She's so bright and well spoken, so earnest and sincere, so experienced and worldly, so degreed in Justice, Law and Society—Remus can't imagine why this young lady hasn't yet found a managerial job in "stuff like human rights issues". Some agency should reach out and give her a chance to use her skill set, perhaps to demarginalize an underserved population of diverse backgrounds. Stuff like that. She's earned it, she's a tough and seasoned survivor. Learn of her struggle in her own words:
"After graduating this May, I had planned to take some time off before working full time again—travel, paint, work on learning a new language. Nearly two months ago, I started seriously sending out applications. Weeks passed without hearing anything, so I went to Costa Rica. I figured if I had to wait anyways, it might as well be in a new country. But here I am, back in the United States, and unemployed."

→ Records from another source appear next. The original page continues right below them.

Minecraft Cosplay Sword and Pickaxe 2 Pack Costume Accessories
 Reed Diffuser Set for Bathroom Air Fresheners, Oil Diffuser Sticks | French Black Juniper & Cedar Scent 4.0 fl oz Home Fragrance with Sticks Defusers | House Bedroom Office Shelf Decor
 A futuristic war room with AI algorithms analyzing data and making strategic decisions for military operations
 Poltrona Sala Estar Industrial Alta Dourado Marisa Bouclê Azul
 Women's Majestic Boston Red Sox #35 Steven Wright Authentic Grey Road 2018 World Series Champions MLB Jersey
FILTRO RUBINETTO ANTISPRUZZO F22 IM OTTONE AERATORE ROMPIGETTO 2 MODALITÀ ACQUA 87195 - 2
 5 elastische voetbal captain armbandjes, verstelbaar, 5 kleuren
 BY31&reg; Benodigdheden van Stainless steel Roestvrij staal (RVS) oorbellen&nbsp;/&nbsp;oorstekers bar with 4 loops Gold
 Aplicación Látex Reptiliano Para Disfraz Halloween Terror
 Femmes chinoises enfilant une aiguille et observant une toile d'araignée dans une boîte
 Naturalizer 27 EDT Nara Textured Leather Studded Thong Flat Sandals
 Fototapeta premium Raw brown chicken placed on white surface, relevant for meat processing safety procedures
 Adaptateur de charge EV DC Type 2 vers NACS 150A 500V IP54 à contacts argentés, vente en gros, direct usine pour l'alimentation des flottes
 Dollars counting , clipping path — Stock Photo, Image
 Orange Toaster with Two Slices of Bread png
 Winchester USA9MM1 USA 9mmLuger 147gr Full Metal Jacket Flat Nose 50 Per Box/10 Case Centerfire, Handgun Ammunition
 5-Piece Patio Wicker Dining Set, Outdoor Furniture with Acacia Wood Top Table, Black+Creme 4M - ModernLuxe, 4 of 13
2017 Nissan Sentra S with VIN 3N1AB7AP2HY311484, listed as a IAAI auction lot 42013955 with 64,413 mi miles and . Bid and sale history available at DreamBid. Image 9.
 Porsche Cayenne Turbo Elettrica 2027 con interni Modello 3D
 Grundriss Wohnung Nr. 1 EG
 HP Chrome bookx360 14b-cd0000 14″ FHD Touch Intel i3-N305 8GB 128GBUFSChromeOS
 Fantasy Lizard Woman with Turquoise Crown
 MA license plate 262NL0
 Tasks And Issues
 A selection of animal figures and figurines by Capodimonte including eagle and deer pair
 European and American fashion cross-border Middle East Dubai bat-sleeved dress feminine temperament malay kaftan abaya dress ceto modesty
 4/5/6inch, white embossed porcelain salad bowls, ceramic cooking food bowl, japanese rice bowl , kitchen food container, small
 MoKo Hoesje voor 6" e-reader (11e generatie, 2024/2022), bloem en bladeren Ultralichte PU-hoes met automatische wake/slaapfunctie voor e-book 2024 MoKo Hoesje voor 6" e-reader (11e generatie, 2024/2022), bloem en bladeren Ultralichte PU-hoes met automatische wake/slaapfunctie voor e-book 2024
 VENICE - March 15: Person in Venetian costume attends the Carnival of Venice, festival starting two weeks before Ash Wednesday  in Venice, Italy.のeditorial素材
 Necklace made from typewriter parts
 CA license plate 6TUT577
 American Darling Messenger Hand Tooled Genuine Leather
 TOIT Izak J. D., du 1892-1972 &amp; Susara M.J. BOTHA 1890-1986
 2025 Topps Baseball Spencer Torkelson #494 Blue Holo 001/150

O the Humanity! Here's the video.
Side note: Remus says HuffPost tries a Dorothea Lange because he never misses an opportunity to expose Ms. Lange's manipulation and misrepresentation of good but vulnerable people. She was a committed Progressive who used—and perhaps conceived—her Depression-era photographs as cloying illustrations for mainly fictitious narratives calculated to further her cause and herself. Ms Lange shamelessly exploited and betrayed her subjects in order to exploit and betray her audience.
Example here.. . . . .
Water purification
A good friend of Woodpile Report mentioned he was considering a high-capacity Berkey water purification unit, which is pretty much the gold standard, but he was deferring the purchase because of the high price. This reminded Remus of the po' folk's water purification unit we featured some long time ago at yer ol' Woodpile Report International Headquarters & Jiffy Screen Door Repair Service. We've gotten away from documenting our projects and had no clue where to find the article so we called in a team of forensic paleontologists and, once exhumed, Remus rearticulated the bones and posted the article here. From time to time he gets a request for this article so the link has been restored. It's in the left hand column.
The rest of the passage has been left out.